• In the case of Dowding v Matchmove 2019 EWCA Civ 1233, it was held that an oral agreement for the sale of land was to be enforceable in equity under a constructive trust despite not being evidenced in writing where both parties had considered it to be immediately binding upon them, and where the prospective buyer had then acted to his detriment in reliance upon it.
  • A common intention constructive trust can arise in commercial negotiations even when proprietary estoppel cannot arise.

Facts of the Case

  • The appellant property developer appealed against a decision ordering him to transfer land to the respondent purchasers on the basis that he was holding it on trust for them.
  • The parties who were both friends, agreed in 2003 that the respondents would purchase two pieces of land from the appellant for £200,000.
  • One piece of land “the plot” was £120,000 and the other piece, “the meadow” was £80,000.
  • In April of 2004, the respondents paid £66,000 towards the purchase price and around this time, there was a dispute regarding a possible right of way over the meadow.
  • The disputed lasted more than two years and the respondents contributed to the legal costs.
  • In February of 2005, they obtained planning permission in relation to the plot and the appellant permitted them to start building a house whilst the conveyancing was being dealt with.
  • Contracts were exchanged for the sale of the plot in September 2005.
  • The deposit being stated as £66,000.
  • A special condition 6 provided that the respondents entered the contract “solely… on the basis of the terms hereof”, and “not in reliance on any warranty, statements, representation etherise whether oral or implied”.
  • At completion, the respondents paid the balance of the sum due for the plot and sole their existing house
  • Between October 2006 and November 2005, they paid the appellant a further £80,000 for the meadow.

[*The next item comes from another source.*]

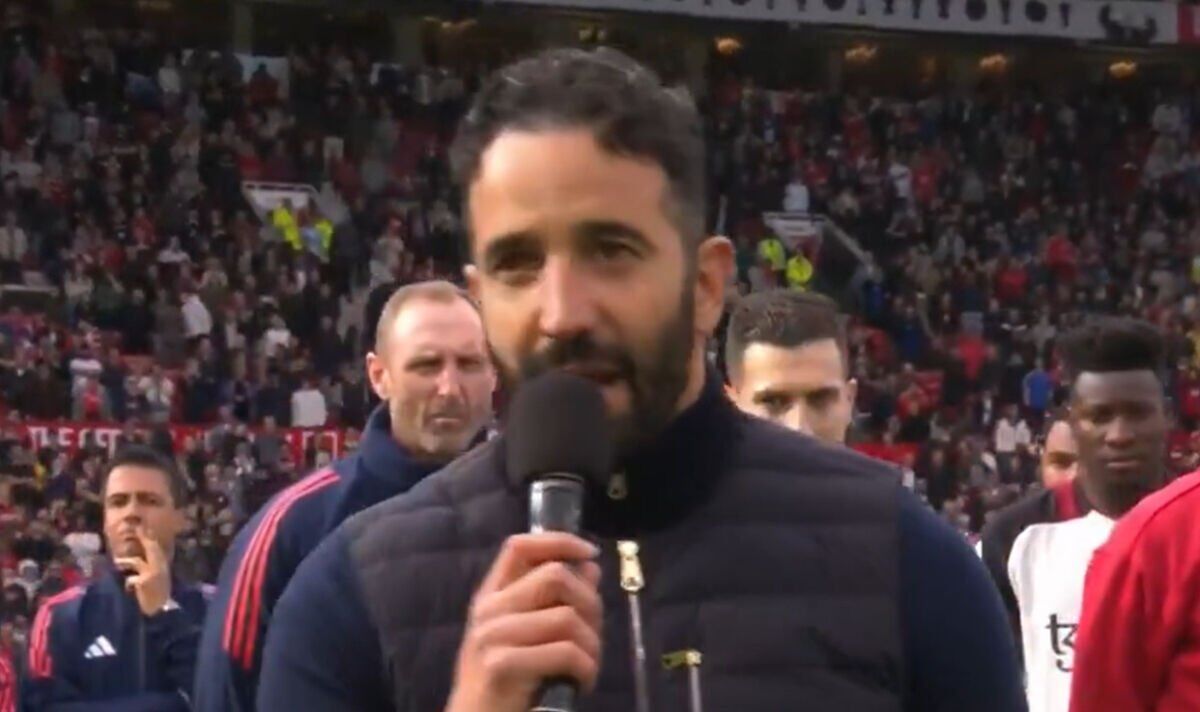 Man Utd boss Ruben Amorim issues two apologies in Old Trafford speech as prediction made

Shortly after this, the parties fell out.
  • The appellant sent the respondents a cheque for £40,000 and informed them that they could only purchase half of the meadow.
  • In the absence of a contract in writing as required by the Law of Property Act 1989 s.2(5), he dined any binding agreement.
  • A judge found the appellant to be a man who expected people to trust his word and to act on it even in the absence of a written agreement.
  • He held that by the time the solicitors became involved in April 2005, the parties had concluded what they all regarded as an immediately binding agreement, the appellant promising unconditionally to sell the meadow, and the respondents acting on that promise to their detriment.
  • The judge concluded that the respondents were entitled, based on proprietary estoppel and constructive trust, to the entire meadow and that special condition 6 did not negate the oral agreement.
  • The appellant argued that the correct conclusion based on Herbert v Doyle [2010] EWCA Civ 1095,[2011] 1 E.G.L.R 119,[2010] WLUK 265 and Cobbe v Yeoman’s Row Management ltd [2008] UKHL 55, [2008] 1 W.L.R 1752 ,[2008] 7 WLUK 928 is that a constructive trust could not have arisen because the parties were aware at the time of the informal agreement in 2003 of the need for a written contract, which they regarded as a technicality which had to be complied with before the agreement was enforceable.

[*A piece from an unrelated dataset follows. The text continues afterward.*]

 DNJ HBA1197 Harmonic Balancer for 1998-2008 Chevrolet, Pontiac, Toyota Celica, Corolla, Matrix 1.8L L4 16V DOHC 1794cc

Issues in Dowding v Matchmove 2016 EWCA Civ 1233

  • Could the oral agreement between the parties be enforceable in the absence of a written contractual agreement.

Held by Court of Appeal

  • The appeal was dismissed based on the findings that the judge had been correct to hold that the appellant held the meadow on trust for the respondents.  

Sir Terence Etherton MR; Lloyd Jones LJ; Arnold J.

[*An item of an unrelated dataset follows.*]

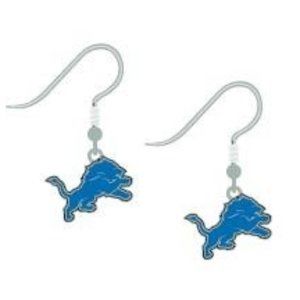 Detroit Lions J Hook Logo Earrings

  • The judges held that there was an oral agreement which both parties intended to be immediately binding, and that the agreement was complete as to all its essential terms, namely the land to be included, the purchase price, and the deposit.
  • The respondents had relied upon the agreement to their determent.
  • The constructive trust arose as soon as they paid the £66,000 although there had been a subsequent act of reliance.
  • It was not clear whether the right of way dispute had arisen at the time of the payment, but even if it had, there would have been no difficulties in treating the respondent’s beneficial interest in the meadow as being subject to that potential constraint.